__Aim of the exercise__. Work out the number of lines below containing the word "coffee" and give nothing besides it.

BEGIN Material for this task

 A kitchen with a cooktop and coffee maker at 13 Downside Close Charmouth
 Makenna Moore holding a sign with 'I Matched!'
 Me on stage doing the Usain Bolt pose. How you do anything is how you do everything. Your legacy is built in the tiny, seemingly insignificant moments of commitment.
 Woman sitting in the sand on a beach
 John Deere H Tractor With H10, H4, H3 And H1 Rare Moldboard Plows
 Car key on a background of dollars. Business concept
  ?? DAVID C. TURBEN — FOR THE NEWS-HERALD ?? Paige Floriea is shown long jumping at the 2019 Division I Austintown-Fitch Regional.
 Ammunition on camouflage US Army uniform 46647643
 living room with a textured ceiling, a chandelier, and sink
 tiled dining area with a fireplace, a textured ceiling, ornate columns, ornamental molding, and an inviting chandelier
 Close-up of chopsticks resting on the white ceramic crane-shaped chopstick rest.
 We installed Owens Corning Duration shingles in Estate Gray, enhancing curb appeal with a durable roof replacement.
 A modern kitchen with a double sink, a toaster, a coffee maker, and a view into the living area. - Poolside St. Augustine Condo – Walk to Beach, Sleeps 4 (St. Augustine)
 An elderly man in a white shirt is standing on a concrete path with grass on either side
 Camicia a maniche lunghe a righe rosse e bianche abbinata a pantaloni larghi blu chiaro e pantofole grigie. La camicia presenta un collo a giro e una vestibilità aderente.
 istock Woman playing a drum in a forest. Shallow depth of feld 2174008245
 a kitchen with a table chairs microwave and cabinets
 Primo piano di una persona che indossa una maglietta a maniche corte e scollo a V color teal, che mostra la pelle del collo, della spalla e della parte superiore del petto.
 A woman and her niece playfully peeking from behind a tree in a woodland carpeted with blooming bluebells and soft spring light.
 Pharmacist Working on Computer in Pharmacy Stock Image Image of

END Material for this task

__Solution__. 2